- What the task requires: Lines from the line with "4 Whimbrel Court, Pelican Waters QLD 4551" to the line with "株式会社電動舎_水戸営業所_取扱い建機の一部" in the entries below, and only those, must be output exactly, with both ends included.

- Entries provided:
★ ★ ★ ★

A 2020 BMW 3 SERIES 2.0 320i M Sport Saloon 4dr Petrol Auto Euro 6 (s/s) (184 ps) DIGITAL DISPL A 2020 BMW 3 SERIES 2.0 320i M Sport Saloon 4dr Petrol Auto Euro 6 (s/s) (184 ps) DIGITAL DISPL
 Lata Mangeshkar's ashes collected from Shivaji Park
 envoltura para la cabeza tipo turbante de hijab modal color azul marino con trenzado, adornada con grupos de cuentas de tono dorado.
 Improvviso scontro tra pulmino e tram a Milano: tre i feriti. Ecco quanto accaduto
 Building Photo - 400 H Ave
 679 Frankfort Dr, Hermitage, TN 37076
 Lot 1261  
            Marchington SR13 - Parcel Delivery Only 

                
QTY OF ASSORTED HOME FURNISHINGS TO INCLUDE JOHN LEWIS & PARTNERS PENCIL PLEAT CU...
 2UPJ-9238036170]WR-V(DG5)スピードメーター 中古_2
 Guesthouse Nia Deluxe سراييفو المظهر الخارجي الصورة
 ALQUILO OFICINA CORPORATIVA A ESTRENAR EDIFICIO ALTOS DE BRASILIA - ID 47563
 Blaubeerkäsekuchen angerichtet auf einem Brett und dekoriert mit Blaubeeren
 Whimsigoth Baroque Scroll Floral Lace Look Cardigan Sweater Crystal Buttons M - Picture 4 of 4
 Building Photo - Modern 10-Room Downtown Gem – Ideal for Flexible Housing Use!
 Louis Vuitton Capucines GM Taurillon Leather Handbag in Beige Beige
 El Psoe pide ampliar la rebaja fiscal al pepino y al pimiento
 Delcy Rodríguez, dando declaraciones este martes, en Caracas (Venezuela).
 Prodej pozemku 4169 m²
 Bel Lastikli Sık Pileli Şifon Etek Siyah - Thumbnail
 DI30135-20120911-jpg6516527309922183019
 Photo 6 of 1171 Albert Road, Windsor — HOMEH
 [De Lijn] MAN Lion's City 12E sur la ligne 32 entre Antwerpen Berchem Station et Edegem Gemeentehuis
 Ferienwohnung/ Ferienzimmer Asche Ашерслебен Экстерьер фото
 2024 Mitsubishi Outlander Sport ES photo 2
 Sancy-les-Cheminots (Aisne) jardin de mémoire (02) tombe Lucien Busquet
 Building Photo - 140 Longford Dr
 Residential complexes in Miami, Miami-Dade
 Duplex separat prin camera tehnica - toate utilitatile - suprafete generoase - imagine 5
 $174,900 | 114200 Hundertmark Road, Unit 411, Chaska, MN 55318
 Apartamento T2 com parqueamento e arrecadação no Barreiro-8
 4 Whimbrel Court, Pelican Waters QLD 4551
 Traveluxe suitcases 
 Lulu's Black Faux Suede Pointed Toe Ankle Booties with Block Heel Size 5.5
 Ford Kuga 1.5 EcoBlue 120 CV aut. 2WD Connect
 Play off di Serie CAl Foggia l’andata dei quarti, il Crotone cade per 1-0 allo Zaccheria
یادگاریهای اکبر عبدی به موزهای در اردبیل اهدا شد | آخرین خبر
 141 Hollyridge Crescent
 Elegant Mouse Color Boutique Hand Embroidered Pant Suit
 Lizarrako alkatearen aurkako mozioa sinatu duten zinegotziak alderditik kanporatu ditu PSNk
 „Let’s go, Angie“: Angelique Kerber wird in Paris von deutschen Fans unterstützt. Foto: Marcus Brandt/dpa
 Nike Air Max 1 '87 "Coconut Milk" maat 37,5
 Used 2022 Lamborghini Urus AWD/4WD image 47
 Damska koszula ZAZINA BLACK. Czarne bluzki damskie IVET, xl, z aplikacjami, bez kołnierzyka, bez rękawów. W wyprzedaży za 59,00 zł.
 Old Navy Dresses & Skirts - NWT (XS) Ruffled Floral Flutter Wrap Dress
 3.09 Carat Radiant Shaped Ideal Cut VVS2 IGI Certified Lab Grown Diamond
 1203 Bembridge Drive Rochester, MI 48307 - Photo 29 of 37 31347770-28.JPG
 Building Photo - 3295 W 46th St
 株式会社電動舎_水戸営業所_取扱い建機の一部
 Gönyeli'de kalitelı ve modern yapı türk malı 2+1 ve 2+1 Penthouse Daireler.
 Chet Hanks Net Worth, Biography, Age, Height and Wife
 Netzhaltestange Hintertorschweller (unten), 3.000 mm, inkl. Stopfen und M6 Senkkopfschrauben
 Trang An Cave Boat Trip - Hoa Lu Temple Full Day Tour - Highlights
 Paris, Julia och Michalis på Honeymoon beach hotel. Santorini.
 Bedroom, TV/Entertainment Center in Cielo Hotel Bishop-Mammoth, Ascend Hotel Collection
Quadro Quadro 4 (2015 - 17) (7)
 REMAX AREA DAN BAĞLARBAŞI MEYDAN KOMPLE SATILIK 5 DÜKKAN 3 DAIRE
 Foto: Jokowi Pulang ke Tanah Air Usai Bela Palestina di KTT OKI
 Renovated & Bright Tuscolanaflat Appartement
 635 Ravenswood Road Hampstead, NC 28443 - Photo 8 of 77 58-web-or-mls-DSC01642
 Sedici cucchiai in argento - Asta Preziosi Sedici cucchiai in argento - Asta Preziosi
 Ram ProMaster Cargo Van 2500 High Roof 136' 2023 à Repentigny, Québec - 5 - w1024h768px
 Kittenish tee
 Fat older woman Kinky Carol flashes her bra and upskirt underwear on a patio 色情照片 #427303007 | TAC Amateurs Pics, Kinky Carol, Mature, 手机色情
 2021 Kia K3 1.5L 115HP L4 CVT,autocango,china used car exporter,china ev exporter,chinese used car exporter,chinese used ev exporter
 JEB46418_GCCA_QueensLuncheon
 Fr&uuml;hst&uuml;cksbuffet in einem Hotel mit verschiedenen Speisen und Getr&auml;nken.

★ ★ ★ ★

- Exercise response:
 4 Whimbrel Court, Pelican Waters QLD 4551
 Traveluxe suitcases 
 Lulu's Black Faux Suede Pointed Toe Ankle Booties with Block Heel Size 5.5
 Ford Kuga 1.5 EcoBlue 120 CV aut. 2WD Connect
 Play off di Serie CAl Foggia l’andata dei quarti, il Crotone cade per 1-0 allo Zaccheria
یادگاریهای اکبر عبدی به موزهای در اردبیل اهدا شد | آخرین خبر
 141 Hollyridge Crescent
 Elegant Mouse Color Boutique Hand Embroidered Pant Suit
 Lizarrako alkatearen aurkako mozioa sinatu duten zinegotziak alderditik kanporatu ditu PSNk
 „Let’s go, Angie“: Angelique Kerber wird in Paris von deutschen Fans unterstützt. Foto: Marcus Brandt/dpa
 Nike Air Max 1 '87 "Coconut Milk" maat 37,5
 Used 2022 Lamborghini Urus AWD/4WD image 47
 Damska koszula ZAZINA BLACK. Czarne bluzki damskie IVET, xl, z aplikacjami, bez kołnierzyka, bez rękawów. W wyprzedaży za 59,00 zł.
 Old Navy Dresses & Skirts - NWT (XS) Ruffled Floral Flutter Wrap Dress
 3.09 Carat Radiant Shaped Ideal Cut VVS2 IGI Certified Lab Grown Diamond
 1203 Bembridge Drive Rochester, MI 48307 - Photo 29 of 37 31347770-28.JPG
 Building Photo - 3295 W 46th St
 株式会社電動舎_水戸営業所_取扱い建機の一部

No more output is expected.